O Brasil vai conseguir sediar a Copa de 2014 com sucesso?
Se fizerem tudo que é necessário, estádios, infraestrutura, aeroportos, hotéis e tudo que a Fifa exigue, lógico que sim, já que somos a terra do futebol.
Quais as chances de tudo acontecer como se deve?

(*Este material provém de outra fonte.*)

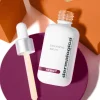 Biolumin-C Serum 30ml
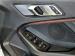 BMW 1 Series 118i - Thumbnail 14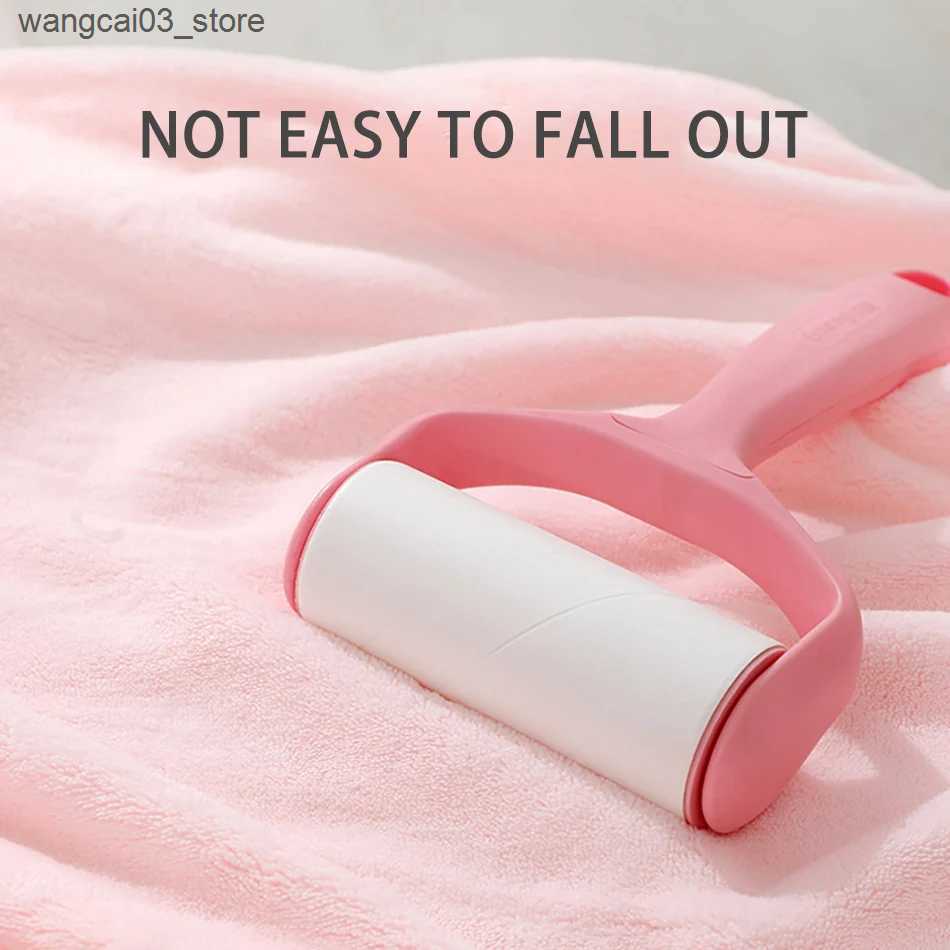 Blankets Swaddling Baby Cover Boy Girl Dino Animal Hooded Cold Blankets Baby Crib Kit Accessories Infant Kids Swaddling Bath Velvet Quick-Dry Towel L2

Fico preocupado. O tempo está passando, a gente não ouve falar de Copa só agora, mas há uns dois anos e não se vê nada.Eu que viajo posso falar. Todo mundo fala em aeroportos, mas vou ao Galeão e em Cumbica e cadê as obras que tem que ser feitas? Os estádios também são problemas. Não ouço falar nada. Isso deveria ser mais noticiado. A demora para definir e começar a fazer as coisas me deixa preocupado. Copa é um evento especial, diferente. Se não tiver pronto quando precisar, eles tiram a Copa da daqui.
Você esteve recentemente no Catar, um dos candidatos à sede do Mundial de 2022. Gostou do que viu por lá?
Vi o seguinte: muito dinheiro e projetos para dez estádios. Cada coisa de cair o queixo. A grande vantagem deles é que há muito dinheiro. Não sei se vão levar, existe o problema do calor. Parece que você está em uma churrasqueira. Mas eles têm a grana e podem fazer estádios cobertos e com ar condicionado. Se a Fifa vai aceitar, não sei...
Por falar em Fifa, qual sua opinião sobre os escândalos divulgados recentemente?
É chato, né? Não posso me aprofundar porque às vezes colocam coisas que não é verdade, que não se tem certeza. Lamento que exista esse tipo de coisa. Isso afugenta os patrocinadores do esporte. Seria bom se acabassem com a corrupção.